# Hob goblin



## Yasutoshi (Dec 5, 2007)

I did a custom of a Green goblin to a Hob goblin.:wave:


----------



## Ignatz (Jun 20, 2000)

GREAT looking conversion!


----------



## RSN (Jul 29, 2008)

THAT is a conversion? WOW! Great job, I would have thought it was a different kit!


----------



## Dave Metzner (Jan 1, 1970)

Great looking work! Thanks for posting the pics.
Dave


----------



## iamweasel (Aug 14, 2000)

Holy....smokes. Thats really, really nice..and thats a major understatement.


----------



## falcondesigns (Oct 30, 2002)

Outstanding....


----------



## hedorah59 (Nov 24, 2008)

Wow! Beautiful work, Yasutoshi!


----------



## dklange (Apr 25, 2009)

AMAZING!!!! That's very cooooooool!!! Really beautiful work. - Denis


----------



## gareee (Jan 1, 1970)

VERY nice!


----------



## HabuHunter32 (Aug 22, 2009)

:thumbsup:Bravo!!!:thumbsup:


----------



## Mitchellmania (Feb 14, 2002)

Awesome!!


----------



## Just Plain Al (Sep 7, 1999)

Wow, just wow!!


----------



## Night-Owl (Mar 17, 2000)

Now that is some seriously cool customizing, well done Yasutoshi! :thumbsup: What did you use for the cape?


----------



## Paulbo (Sep 16, 2004)

Wow. Now that's what I call a conversion. Is there any part of the figure that you didn't modify?

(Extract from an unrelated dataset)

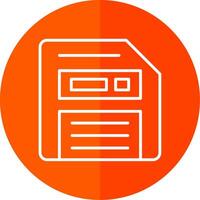 Floppy Disk Line Yellow White Icon vector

I love the touch of the new face on the board.

Fantastic job.


----------



## Phibes (Jan 13, 2009)

Fantastic work!


----------



## Roy Kirchoff (Jan 1, 1970)

素晴らしい仕事康。

私はそれが同じキットをされたことを語ったことができなかった。


~RK~


----------



## gaetan (Apr 6, 2005)

Great work :thumbsup:

They don't even look like they are from the same basic figure.... I love the modifications and rebuilt you made. Very, Very NICE...:wave:

Gaétan


----------



## MonsterModelMan (Dec 20, 2000)

Very nice work! I'd love to hear how you accomplished some of the modifications....

MMM


----------



## SUNGOD (Jan 20, 2006)

Great idea and excellent conversion!


----------



## Yasutoshi (Dec 5, 2007)

Thank you for all. :wave:

Night-Owl, I made cape with thin paper and wire. I coated it with a resin. 

Paulbo, change point is all besides the right arm. 

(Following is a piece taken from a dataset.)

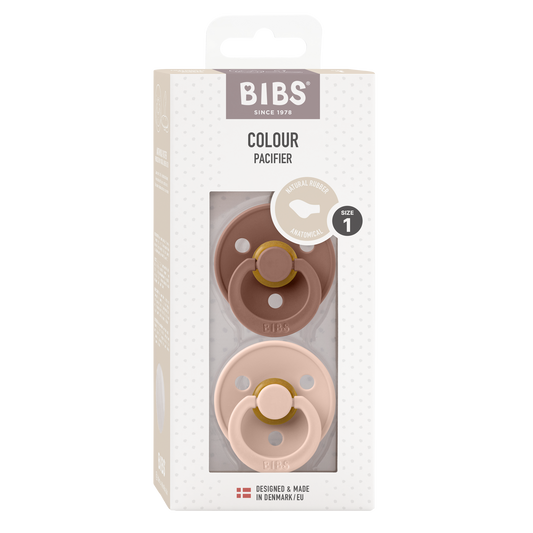 Bibs Fopspeen anatomical maat 1 blush and woodstock, two pacifiers for babies, with soft silicone nipple and ergonomic design.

RoyKirchoff, Thank you, Japanese. arigatougozaimasu!

MonsterModelMan, I cut off each joint and changed a pose and made the insufficient part with epoxy putty. The bag made the thing of the kit small and used it.


----------



## deadmanincfan (Mar 11, 2008)

Magnificent conversion, Yasutoshi! I bow to you, my friend!


----------



## otto (Jan 1, 1970)

Well done! Bravo! I nominate you as the King of Conversion!


----------



## roadflea (Jul 14, 2009)

I dont how i missed this WOW that is sick very very cool really GREAT WORK


----------



## Jafo (Apr 22, 2005)

great conversion


----------



## miniature sun (May 1, 2005)

I'm speechless....really great work...


----------



## SJF (Dec 3, 1999)

Marvelous job! :thumbsup:

Sean


----------



## louspal (Sep 13, 2009)

Did anyone say OUTSTANDING? I am humbled, amd in awe of your work.


----------



## MadCap Romanian (Oct 29, 2005)

Looks awesome! Is is just me...or are you one of the greatest model builders ever?


----------



## Yasutoshi (Dec 5, 2007)

All, thank you. 

Madcap Romanian,I do not understand your English well. 
I build to merely like a favorite thing and paint it.


----------



## sprayray (May 13, 2009)

Beautiful work !!!!!!!!!!!!!!!



Robert.


----------